Com um subtexto político,
a trama de Star Trek Into Darkness gira
em torno de um jogo de interesses no qual uns prezam pela integridade
ideológica e outros julgam que os fins justificam os meios (e é interessante notar como, na cena em que um personagem importante desse jogo nos é apresentado, a maquete com a
evolução das naves espaciais nos dá uma dica sobre a participação dele na história). Frequentemente, as ações dos personagens são influenciadas
pela ideologia daqueles pelos quais possuem mais carinho e respeito. Nesse
sentido, Pike (Bruce
Greenwood) se estabelece como a figura paterna que Kirk jamais teve
e Uhura (a bela Zoe Saldana)
começa a confrontar a inexpressividade de Spock. Scotty (o ótimo Simon Pegg) e
Bones (Karl Urban)
reprisam bem seus papéis, servindo novamente como um bem-vindo alívio cômico.
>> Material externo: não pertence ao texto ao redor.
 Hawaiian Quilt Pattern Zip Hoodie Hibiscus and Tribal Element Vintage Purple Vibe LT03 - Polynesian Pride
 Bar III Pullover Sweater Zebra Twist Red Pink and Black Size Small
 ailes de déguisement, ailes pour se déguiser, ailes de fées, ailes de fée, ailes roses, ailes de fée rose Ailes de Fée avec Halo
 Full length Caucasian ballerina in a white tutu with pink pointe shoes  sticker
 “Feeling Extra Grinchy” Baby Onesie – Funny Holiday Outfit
Já o Chekov de Anton Yelchin
não ganha tanto espaço quanto no episódio anterior para nos divertir com seu
estranho sotaque, ao passo que o sempre carismático John Cho também perde
espaço com seu Sulu, apesar de possuir cenas mais marcantes. Fechando o elenco,
temos o vilão de Cumberbatch (merecidamente reconhecido por seu ótimo trabalho
na série britânica Sherlock), criando um personagem cuja superfície fria e calculista (que chega a tornar Spock emotivo quando comparado a ele) esconde revolta e uma
ira quase animalesca.
Do ponto de vista técnico, J.J. Abrams cria ótimas
sequências de ação e momentos de tensão, auxiliado pela montagem quase episódica
que os objetivos dos personagens fornecem. Já seus quadros inclinados e travellings são moderados e bem
utilizados principalmente ao conferir um bom ritmo às discussões e
tomadas de decisões rápidas por parte dos tripulantes. Como não poderia deixar
de ser numa produção dessas, os efeitos visuais e o design de produção são
impecáveis, e, juntamente com a fotografia, criam ambientes únicos para cada
locação que refletem a natureza de quem os habita e ajudam a contar a história.
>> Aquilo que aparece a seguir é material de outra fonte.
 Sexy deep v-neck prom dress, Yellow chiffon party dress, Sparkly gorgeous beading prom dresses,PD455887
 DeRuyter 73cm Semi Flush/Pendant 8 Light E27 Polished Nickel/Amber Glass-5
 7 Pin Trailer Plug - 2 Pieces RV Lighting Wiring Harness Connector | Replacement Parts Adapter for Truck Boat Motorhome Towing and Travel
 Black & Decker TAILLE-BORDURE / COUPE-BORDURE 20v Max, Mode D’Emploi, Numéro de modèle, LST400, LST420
Destaco também o momento em que os tripulantes da Enterprise enfrentam um
problema com a gravidade dentro da nave, numa sequência que parece ter saído de A Origem e que transforma longos e
inofensivos corredores em fundos e perigosos poços.
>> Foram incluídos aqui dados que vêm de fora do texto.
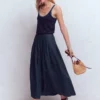 Valentina Linen Skirt Navy Valentina Linen Skirt Navy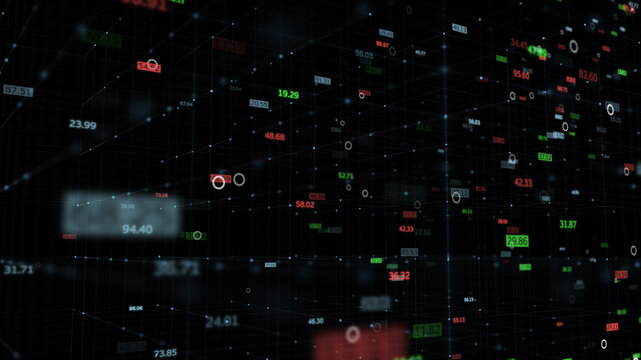 Abstract 3D digital stock market data grid with floating green and red index numbers.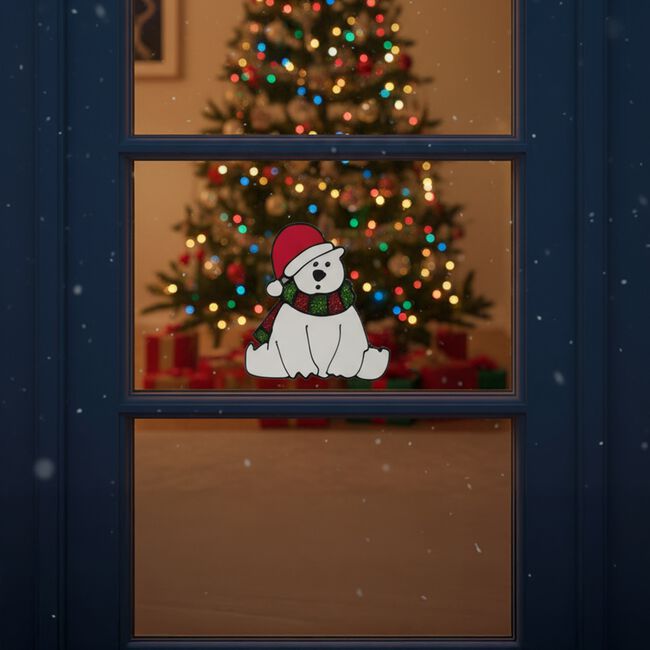 Merry Christmas Window Sticker - Polar Bear 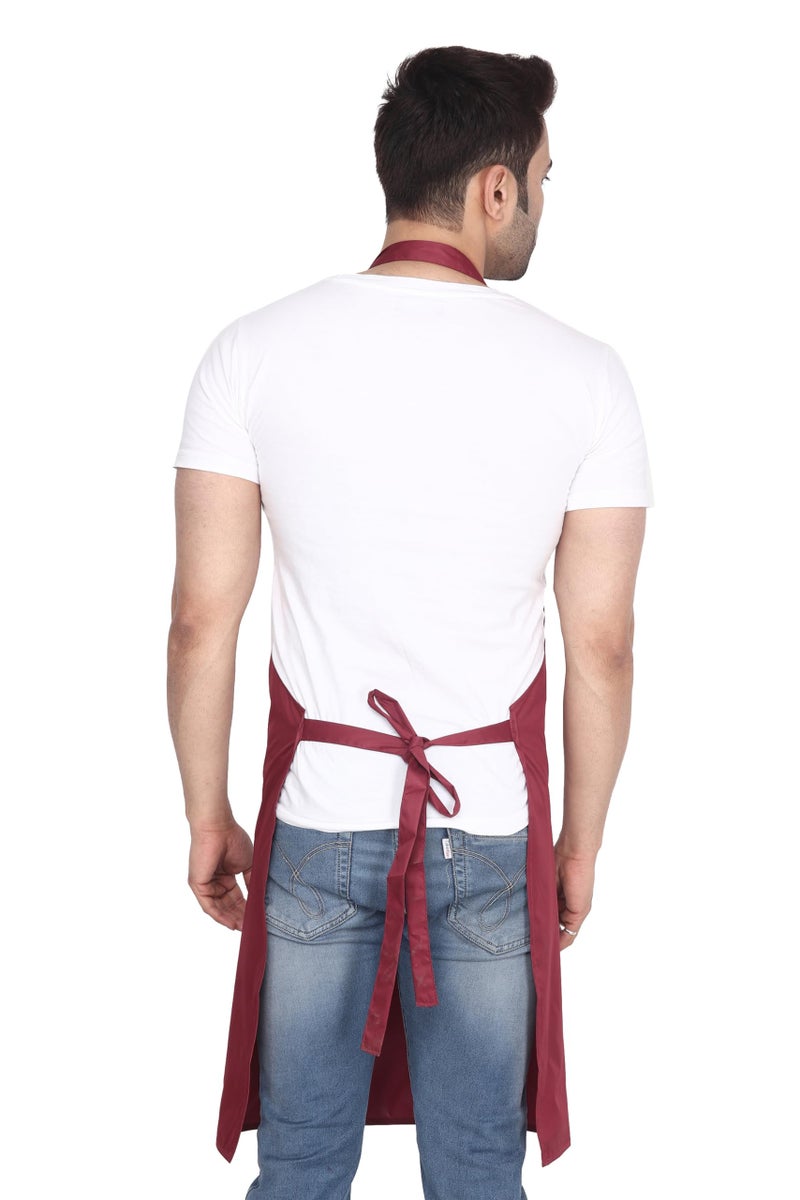 MAKSTILE Waterproof & Dustproof Apron For Dishwashing, Cooking, Dog Grooming, Gardening, Car Wash, Lab, Restaurant & Industrial Use | Unisex| Color-Maroon & Maroon | Pack Of 2 - Image 3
E se por um lado fiquei satisfeito de conferir o novo
“visual” externo do momento em que as naves entram em velocidade de dobra
(oras, se de dentro vemos a luz das estrelas “esticando”, por que não esticar também
as naves quando as observamos de fora?), por outro não consigo entender a
obsessão de Abrams por seus malditos flares,
que aqui parecem ter atingido o seu máximo (ou assim espero). Abrams parece ser o
único que não vê mal algum em constantemente adicionar os reflexos artificiais
das lentes que atrapalham a visão que os espectadores terão de seu filme.
Star Trek Into Darkness mostra que o ótimo reboot de 2009 não foi um acidente e que
ainda há, sem trocadilhos, muito espaço para exploração na série. Nem mesmo o
desfecho um tanto quanto previsível diminui os méritos do filme, já que sua
previsibilidade é visível apenas para o espectador e não para os personagens,
mantendo intacta e legítima a força de seus momentos finais. Mal posso esperar
pela continuação.
(5 estrelas em 5)
Obs: A versão 3D é dispensável, pois é meio problemática e desnecessária, além de atrapalhar a legenda aqui e ali.
Obs: A versão 3D é dispensável, pois é meio problemática e desnecessária, além de atrapalhar a legenda aqui e ali.